Like any other tinkerer in this community, I’m pleased with all the data we get and all the info we have access to these days, I’m on the side of those that believe that more info, more power. While doing player analysis, we are used to swiping through a myriad of stats, comparing, relating, correlating, regressing, and we have the feeling that this will lead to a better result. That’s understandable and usually true, but it can also be exhausting.

That’s why in the past, I’ve been very eager in trying to develop simpler indicators that can work as well or better than others that are harder to calculate. I also prefer to combine multiple stats into one simpler aggregate. I’ve had success in using very simple stats as (K-BB)/IP or K%-BB% as good estimators of a pitcher’s future performance. They have provided guidance, but we know they are not an all-around solution; there is no such thing, but we can always keep trying.

So, in line with that, I wanted to have an indicator — a meta-number of sorts — which could be a summary of a few others and work as a quick first sign of what is lying ahead in terms of pitching performance.

Don’t we have other stats for this kind of thing? Sure, and we must continue using them; I’m just trying to simplify the work without denigrating or distorting the info.

Also, please let’s focus on this as a “first sign”. This is not by any means a complete and catch-it-all solution; it is a first step meant to open the door. You still have to keep walking to go beyond.

**Simple Pitching Estimation indeX: speX**

**speX** is an aggregate index composed of K-BB%, CSW, pCRA, Zone%, and O-Swing%. Why these? Honestly, I have been using them for some time by themselves, relying on my knowledge and instincts to gauge and decide which was more important in each case; although that’s not wrong per se, we know how subjective we humans are. Our subconscious biases define our decisions more often than not, so I wanted to find a way I could bypass that intuitive process; speX is the result.

These five stats provide a balance between dominance by power (basically, the strikes in CSW and K-BB%) and dominance by control and location (Zone% and O-Swing%) with the ERA estimator in between.

Let’s take a quick look at each one of them.

**K-BB%**

This is probably one of the most important of the traditional pitching stats; it’s deceptively simple and extremely useful. Basically, strikeout rate (K%) and walk rate (BB%) measure how often a pitcher walks or strikes out a hitter per plate appearance. To calculate them, you just have to divide strikeouts or walks by the total number of plate appearances:

- K% = K / PA
- BB% = BB / PA

Strikeout and walk rates are extremely important when we evaluate pitchers as the former helps their cause as they’re direct outs that (most of the time) don’t advance base runners, and the latter produces free bases (and possible runs).

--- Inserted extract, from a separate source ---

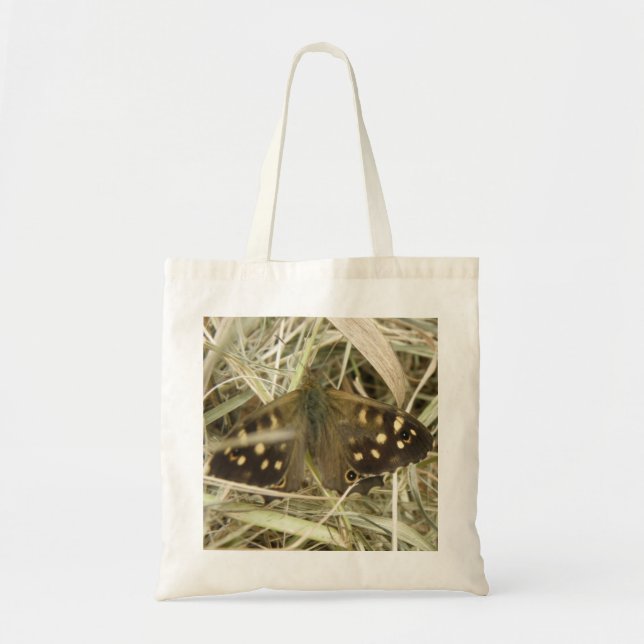 Bolsa De Tote De Mariposa De Madera Específica (Frente)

One of the beautiful things about this stat is that it has a good amount of predictive capability; pitchers that do well (as in having a higher K-BB%) tend to have better results. A more rigorous approach to test this is doing correlation tests on it, for example, we can correlate the K-BB% from a pool of pitchers with their SIERA for the following season to check if having a good K-BB% in one season, predicts having a lower SIERA in the following one.

We can graphically see that the higher the K-BB% is (horizontal axis), the lower the following year’s SIERA (vertical axis). I used 2018 K-BB% and 2019 SIERA (min. 75 IP each season, n=121) for this example. If you haven’t heard of it before, SIERA stands for Skill-Interactive Earned Run Average, and it is an ERA estimator. It states that strikeouts are good, and walks are bad depending on how many you throw. The formula and its application are more complicated, of course, but you can check out a good explanation here.

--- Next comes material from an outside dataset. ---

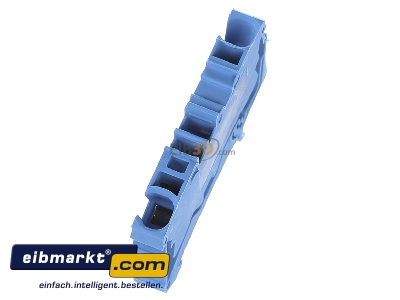 Ansicht oben rechts WAGO Kontakttechnik 2006-1204 Durchgangsklemme 0,5-6/10qmm blau, 2L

One of the most important things about SIERA is that it has predictive value, and it can give us a good sense of whether or not the pitcher is doing better or worse than what his ERA shows. All of this makes SIERA a widely use stat for pitcher evaluation.

The above graph shows a coefficient of determination R^{2} of 0.4838, which translates into almost 70% of correlation between K-BB% and the following year’s SIERA; this means that 70% of what happens with SIERA **could** be explained because of K-BB% from the previous year. That’s tremendous, even considering it is a “could”.

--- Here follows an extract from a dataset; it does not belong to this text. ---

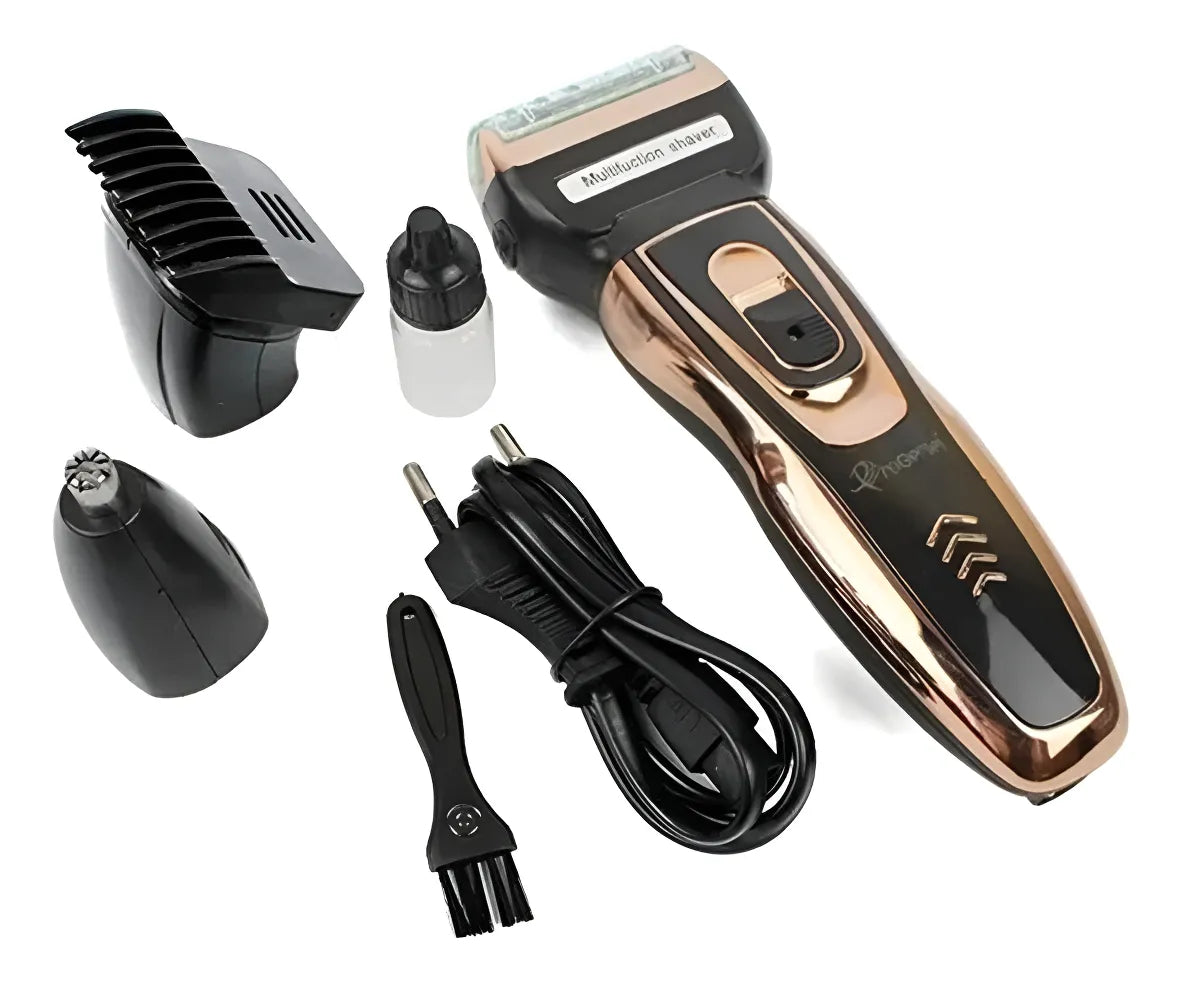 Afeitadora eléctrica multifuncional recargable 3 en 1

**Called Strikes, and Whiffs (CSW%)**

Taking the words from Alex Fast in his 2019 FSWA Research Article of the Year about this stat: “Coined and created by Nick Pollack in the 2018 season, CSW rate stands for Called Strikes + Whiffs and the formula for it is simple:

Called Strikes + Whiffs

Total Pitches

It considers called strikes, swinging strikes (including blocked ones), swinging pitchouts, and foul tips into the glove while excluding foul balls. While the formula may seem rudimentary, the implications are far from it. CSW rate is a simple, fine-tuned and, most importantly, a predictive metric that gives us a better glimpse into the true skill of a pitcher.”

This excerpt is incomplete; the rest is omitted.